AB Started writing in a Grade 13 creative writing class where the teacher took me aside and said to keep writing poems. Wrote more poems all through university, but didn’t rewrite a word or take it more seriously until after graduation. In fact, all through university I wrote them straight into a blank journal, thinking they came out finished. I recently found a framed poem I wrote even before that, dating from 1981 when I was a kid and Trudeau was the Prime Minister. The library had a pinecone next to a jar and asked kids to write a poem about the pinecone and stuff it in the jar, so I wrote the winning poem with absolutely no clue what poetry would eventually mean to me. It’s a bad poem, but hey -- I was eleven years old. My first book wasn’t published until 2007.

DS Where do you write?

AB I write notes to myself anywhere and everywhere (someone at my work knew a scrap of paper belonged to me when it said something like “I salute the flagpole of your spine”) but do all my writing at my desk, as I’ve become used to instantly deleting former edits, and instant revisions, which is either modern or lazy or both. I only have final drafts on my computer. I don’t know if others work this way too, but I hate having earlier edits lying around in case they’re ever mistaken for a final one -- I’m more of a perfectionist with the writing than anything else in life. It does mean that any record of the writing process is wiped away, but I can live with that.

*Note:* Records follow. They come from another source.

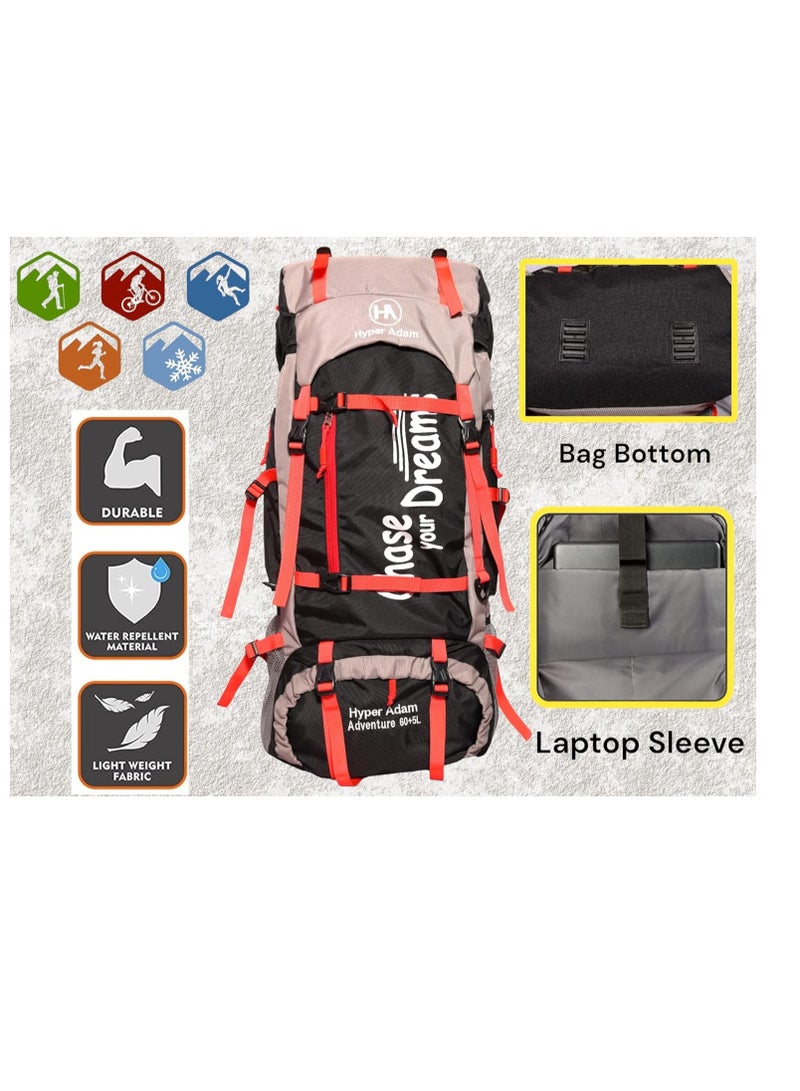 Hyper Adam 65 LTR Rucksack For Trekking & Travel Backpack for Outdoor Sport Hiking Trekking Bag Camping Rucksack | T312 - Image 3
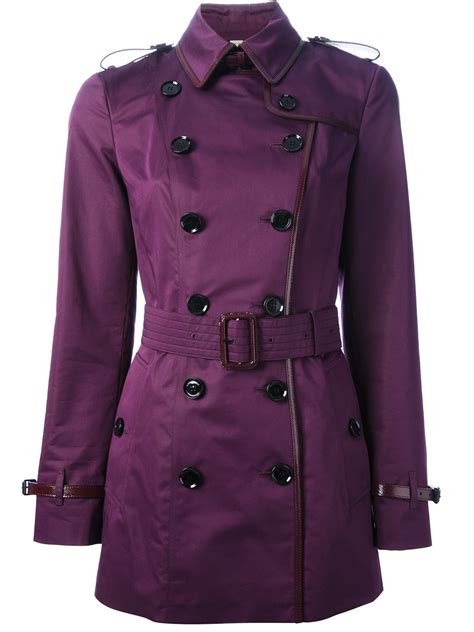 Lyst Burberry Belted Trench Coat In Purple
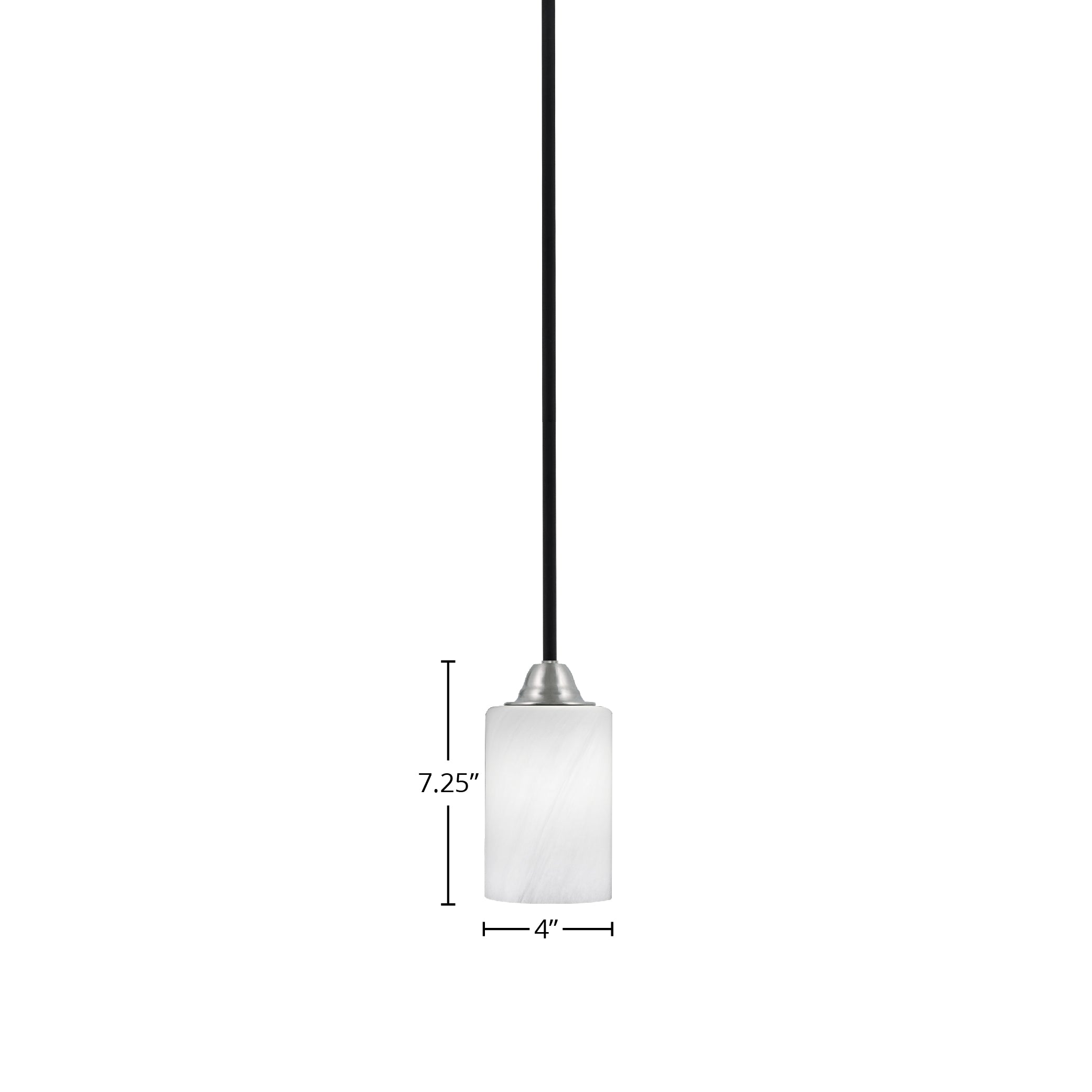 Paramount One Light Mini Pendant in Matte Black & Brushed Nickel with 4" White Marble Shade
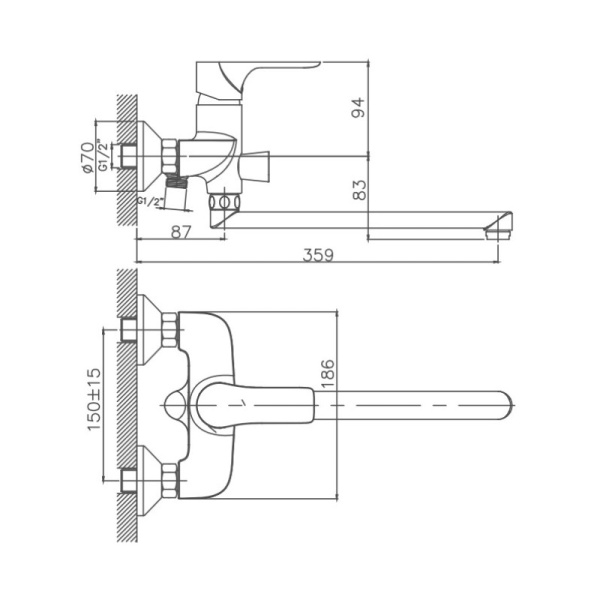 Смеситель для ванны Cron CN22172 Смеситель для ванны Cron CN22172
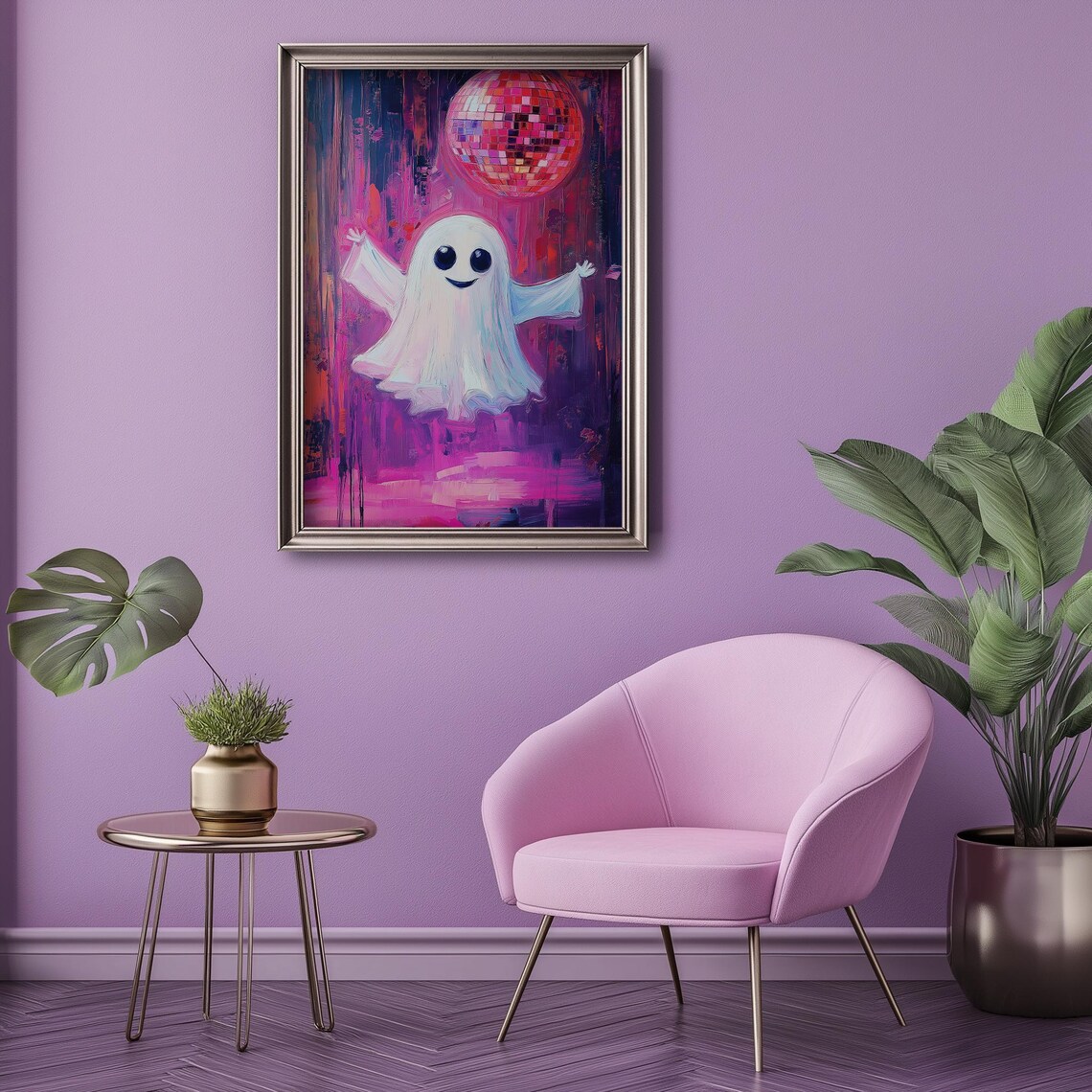 Ghost Disco Halloween Print For Teen Room Cute Disco Ghost Wall Art Pink Fun Halloween Printables - Image 2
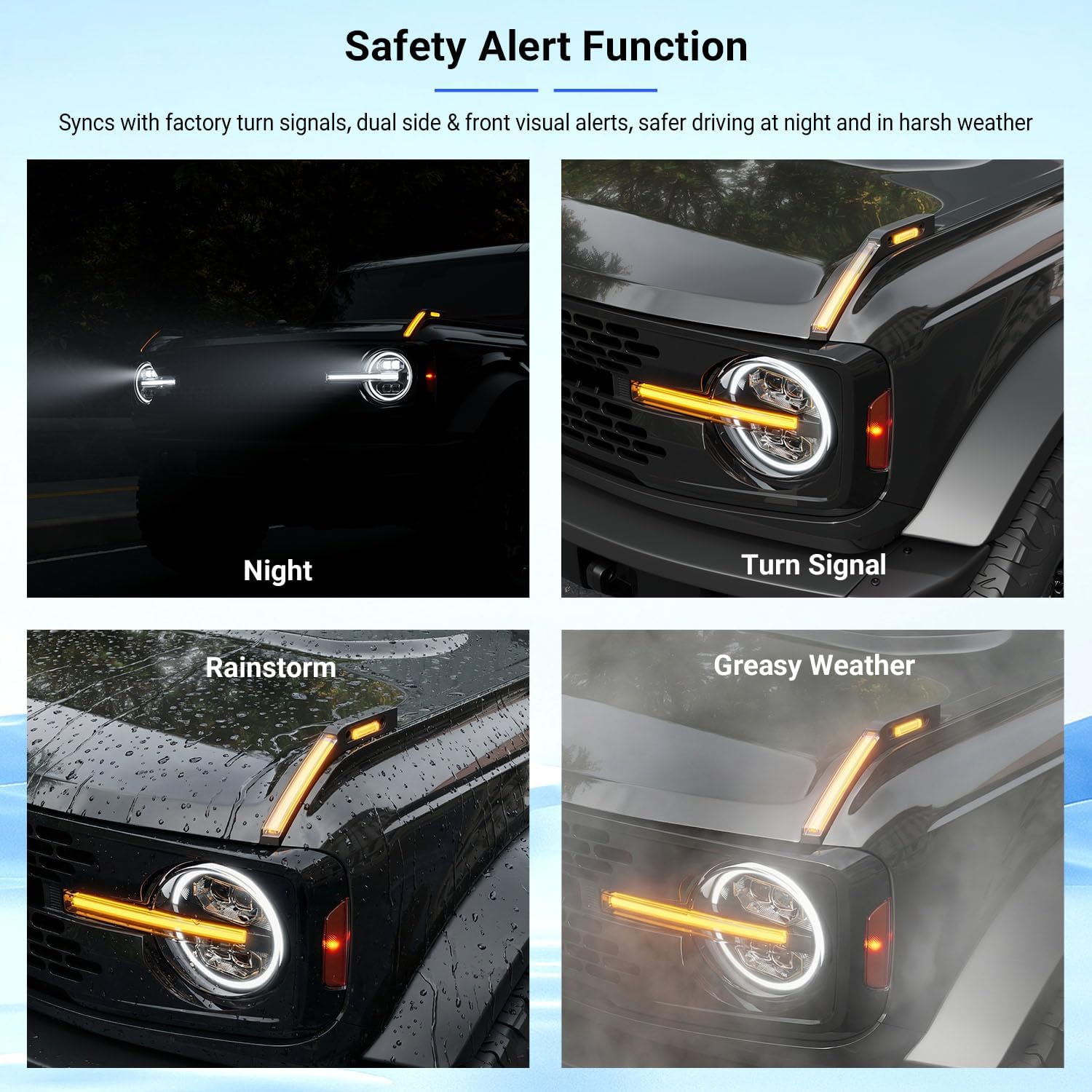 PTYYDS Trail Sight Light Compatible with 2021-2026 Ford Bronco 2/4 Door Hood Lights Turn Signal Side Marker Lighting Replacement for 2021-2026 Ford Bronco Accessories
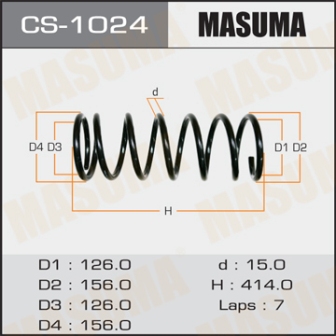Пружина подвески Masuma CS-1024 rear CROWN JZS141, JZS143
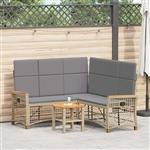 vidaXL Tuin ligbankset Beige en Licht Grijs 164 x 164 x 112 cm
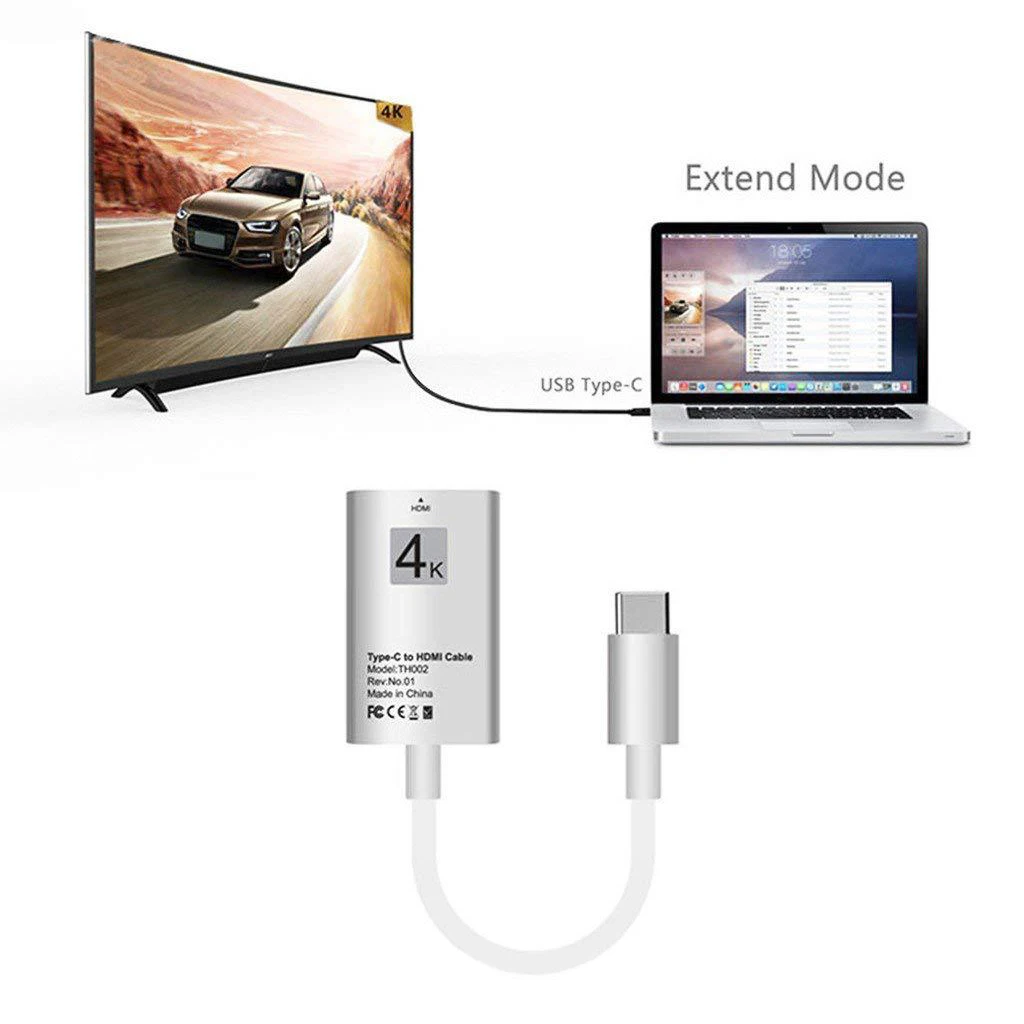 USB C to HDMI Converter Portable type c Male Female Adapter 4Kx2K 30HZ Resolution for Macbook Huawei P20 Samsung S8 (S |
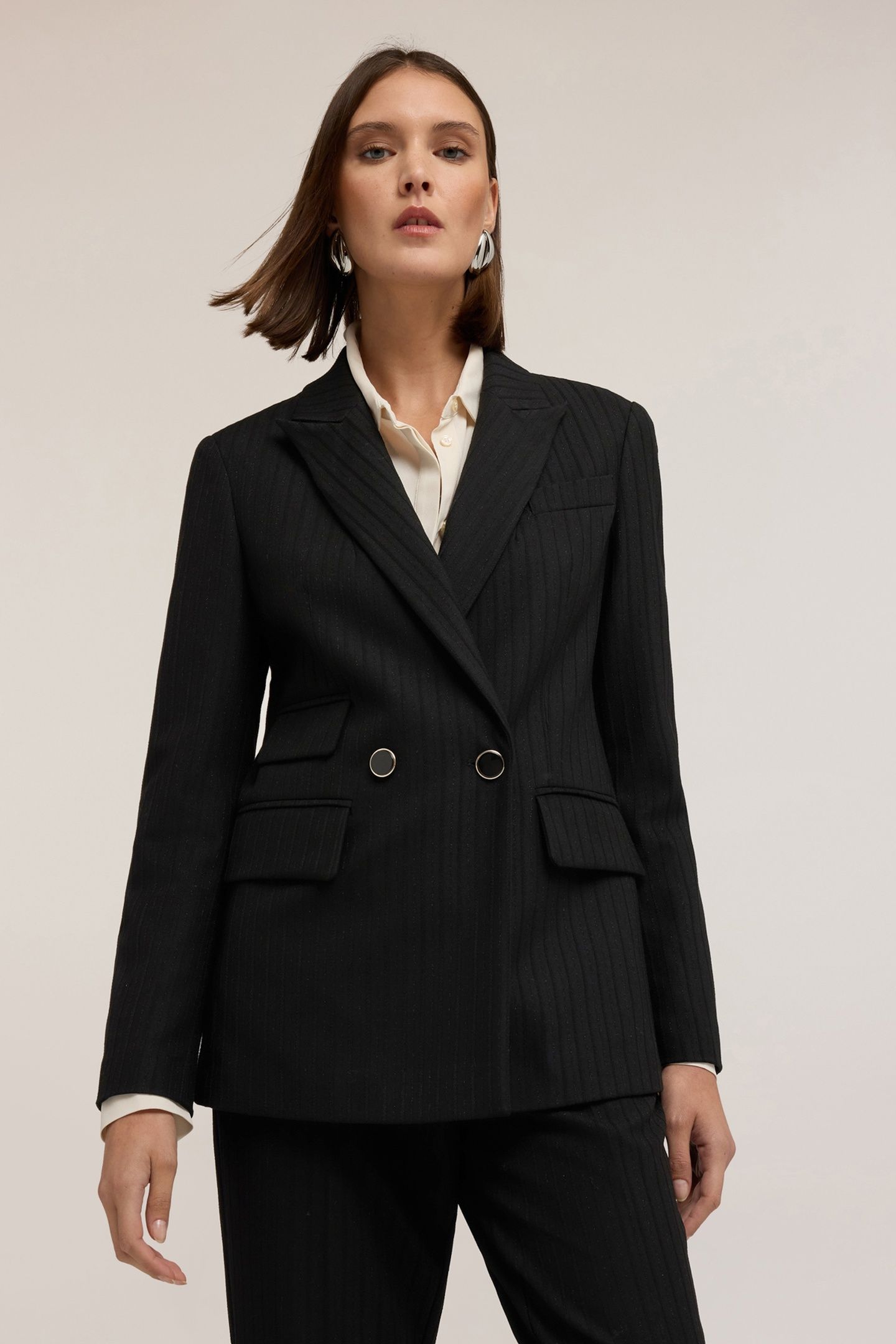 STRUCTURED DOUBLE-BREASTED PINSTRIPE JACKET BLACK 1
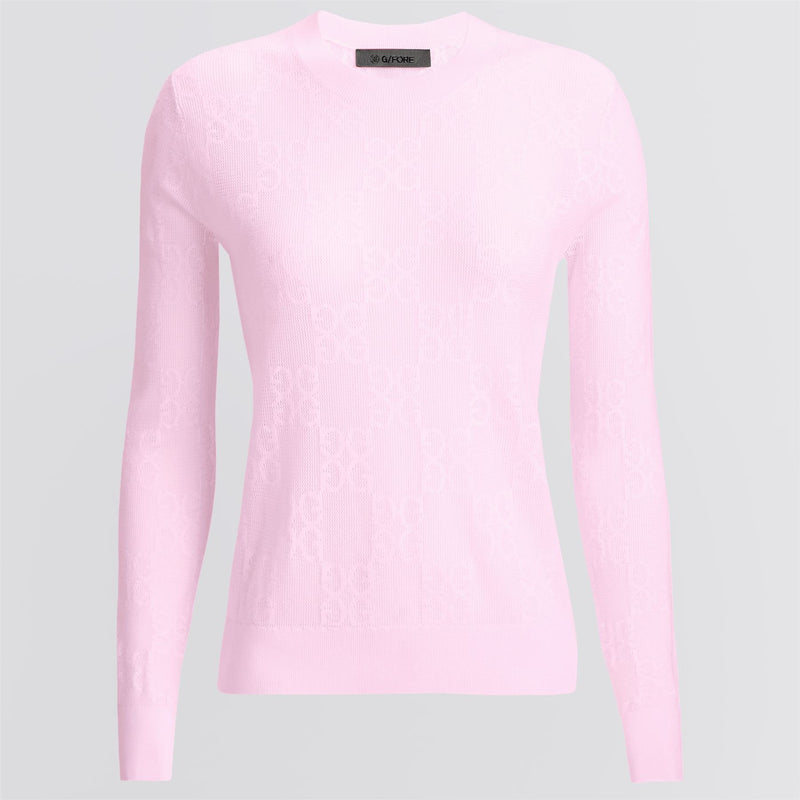 Womens Pointelle G Crewneck Sweater Blush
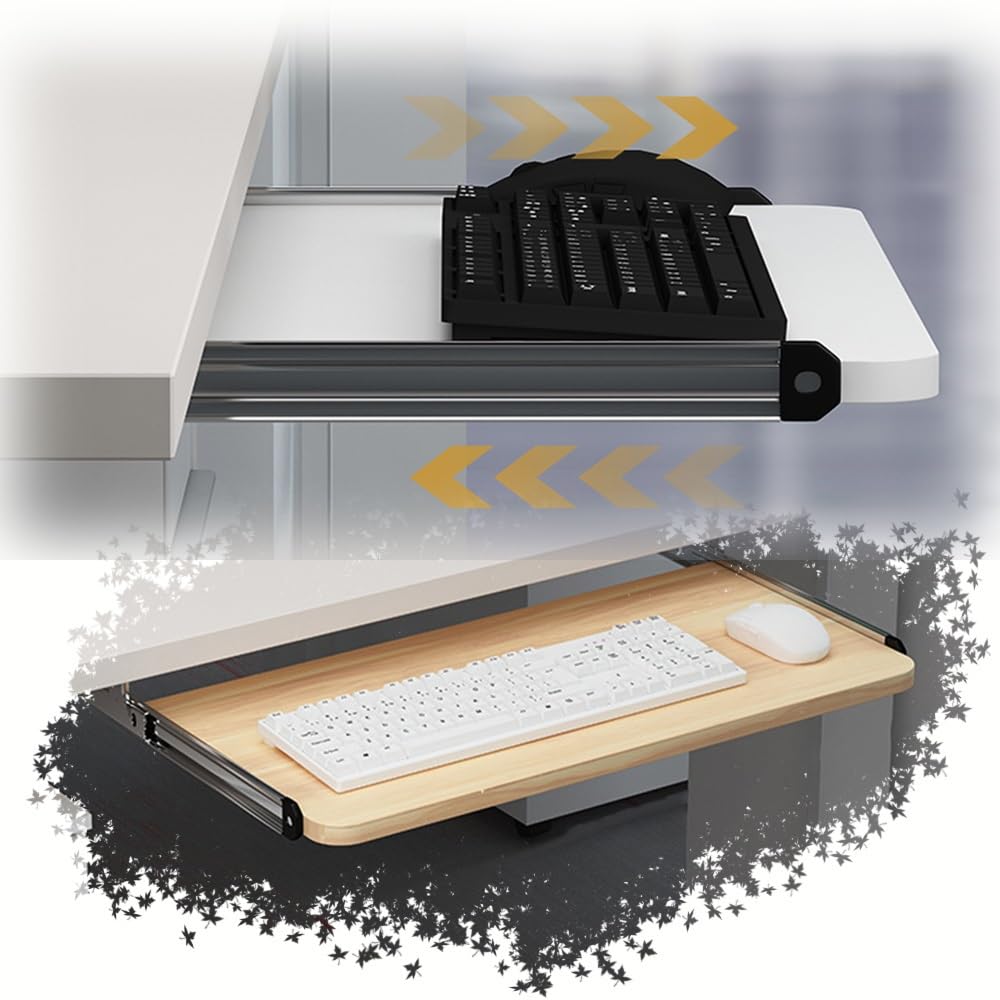 Tastatur- und Maus-Plattform für Untertisch-Tastatur mit Schienen, Computertastatur-Unterstützungsablage, platzsparendes Design für Home Office und Gaming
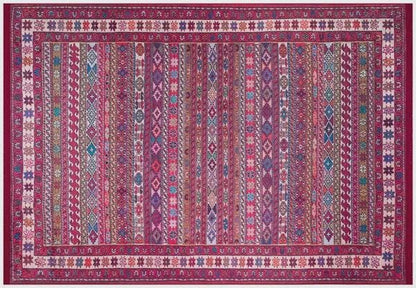 Red Oriental Kazak Rug: Vintage Washable Carpet with Tassels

DS Why do you work where you do?

AB I work at my desk, where I always have to resist the Internet. I guess I should think of the Internet and the urge to check email as the goblin standing between me and completing my next book. The desk is one that belonged to my maternal grandmother and I sit in a captain’s chair (or so the style of chair was described to me once) that belonged to my paternal grandfather, who fought in the First World War. I can’t work in coffee shops or with others around, I always tune in to conversations around me even though I don’t want to do it, and for similar reasons I hesitate to see films in theatres now, people seem to do so much talking. The desk is right inside the door to the bedroom of my one bedroom apartment, though I’m often spilling out into the living room to read or think or watch a video. It’s all about creating a peaceful space.



DS What are you working on now?

AB A second book of poems, a first novel, a first book of essays and reviews -- I do hope some of that eventually sees the light of day, I’m sure my desk would like to shed some of it.